A 2012 article in the Journal of Pain Research presented a case series of seven patients treated with PEA after standard therapies to treat pain and inflammation failed.4

The researchers concluded that PEA appeared to be a promising addition to similar analgesics for treating various chronic pain conditions. In addition, they found that the odds of serious side effects or adverse drug interactions were minimal, as PEA is also found in certain dairy foods, such as eggs and milk.4

A 2016 article in the British Journal of Clinical Pharmacology reviewed the findings from a group of 23 papers on the efficacy and safety of PEA, in order to determine a pattern of similarity among the findings.5

The researchers concluded: “The available clinical data support the contention that PEA has analgesic actions and motivate further study of this compound, particularly with respect to head‐to‐head comparisons of unmicronized vs. micronized formulations of PEA and comparisons with currently recommended treatments.”

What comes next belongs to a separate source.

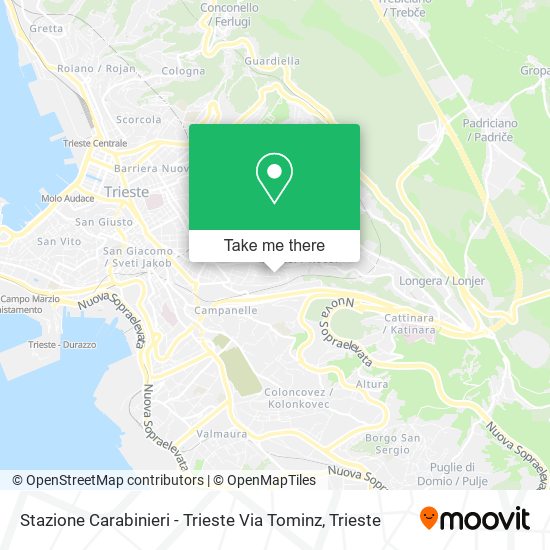 Stazione Carabinieri - Trieste Via Tominz map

With the current state of the opioid crisis, you should expect to see an increase in the number of patients in your practice who are seeking alternate ways to treat their chronic pain symptoms. PEA supplements may well provide them with the relief they seek.

References

  1. Nahin RL. Journal of Pain. 2015;16(8):769-780.
  2. Woods R. Opioid-crisis cost revised to $504 billion in six-fold surge. Bloomberg. Published November 2017. Accessed Aug. 14, 2019.
  3. CDC Prescription Opioid Overdose Data. Centers for Disease Control and Prevention. Updated November 2017. Accessed Aug.14, 2019.
  4. Hesselink JM, Hekker TA. Journal of Pain Research. 2012;5:437-442.
  5. Gabrielsson L, Mattsson S, Fowler CJ. British Journal of Clinical Pharmacology. 2016;82(4):932-942.